1948–49 Dublin and Belfast Inter-City Cup

Tournament details
- Country: Northern Ireland Republic of Ireland
- Teams: 12

Final positions
- Champions: Shamrock Rovers (4th title)
- Runners-up: Dundalk

Tournament statistics
- Matches played: 12
- Goals scored: 37 (3.08 per match)

= 1948–49 Dublin and Belfast Inter-City Cup =

The 1948–49 Dublin and Belfast Inter-City Cup was the 8th and final edition of the Dublin and Belfast Inter-City Cup, an association football cup competition featuring teams from Northern Ireland and the Republic of Ireland.

Teams from outside Dublin and Belfast competed, but played their home matches in either Dublin (if based in the Republic of Ireland) or Belfast (if based in Northern Ireland).

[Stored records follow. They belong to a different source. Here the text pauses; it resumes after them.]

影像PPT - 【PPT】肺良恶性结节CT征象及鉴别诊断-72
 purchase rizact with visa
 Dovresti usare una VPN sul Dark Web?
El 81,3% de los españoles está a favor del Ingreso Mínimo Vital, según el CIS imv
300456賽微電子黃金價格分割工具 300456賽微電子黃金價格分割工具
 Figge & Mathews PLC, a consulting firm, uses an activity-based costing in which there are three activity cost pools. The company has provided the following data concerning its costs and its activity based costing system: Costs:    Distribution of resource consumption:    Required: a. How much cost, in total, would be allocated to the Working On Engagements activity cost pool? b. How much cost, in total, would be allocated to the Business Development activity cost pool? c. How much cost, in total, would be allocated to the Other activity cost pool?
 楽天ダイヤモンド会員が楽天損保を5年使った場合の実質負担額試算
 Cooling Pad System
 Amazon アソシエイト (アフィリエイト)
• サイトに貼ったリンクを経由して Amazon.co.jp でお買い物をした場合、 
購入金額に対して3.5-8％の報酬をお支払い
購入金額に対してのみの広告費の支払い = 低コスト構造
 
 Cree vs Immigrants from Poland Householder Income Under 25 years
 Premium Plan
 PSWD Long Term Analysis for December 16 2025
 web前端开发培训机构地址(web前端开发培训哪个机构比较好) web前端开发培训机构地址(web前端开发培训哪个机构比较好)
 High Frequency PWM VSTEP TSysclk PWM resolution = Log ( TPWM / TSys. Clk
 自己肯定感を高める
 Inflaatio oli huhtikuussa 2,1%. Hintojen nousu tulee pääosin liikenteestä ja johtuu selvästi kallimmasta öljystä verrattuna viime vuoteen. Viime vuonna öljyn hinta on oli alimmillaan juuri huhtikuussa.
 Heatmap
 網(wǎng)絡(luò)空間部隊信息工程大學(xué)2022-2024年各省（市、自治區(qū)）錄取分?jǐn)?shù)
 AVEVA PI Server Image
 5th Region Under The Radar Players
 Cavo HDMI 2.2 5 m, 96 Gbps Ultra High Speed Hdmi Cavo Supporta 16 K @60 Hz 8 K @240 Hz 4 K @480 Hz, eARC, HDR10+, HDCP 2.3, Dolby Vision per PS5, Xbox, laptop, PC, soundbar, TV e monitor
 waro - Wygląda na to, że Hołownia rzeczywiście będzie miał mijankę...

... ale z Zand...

Each round was one-legged rather than the two-legged format of previous editions.

Shamrock Rovers won the title for the 4th time, defeating Dundalk 3–0 in the final.

==Results==
===First round===

^{1}Glentoran and Shamrock Rovers both advanced into the quarter-finals due to Belfast Celtic's withdrawal.

^{2}Despite being given a bye into the quarter-finals, Belfast Celtic withdrew from the tournament.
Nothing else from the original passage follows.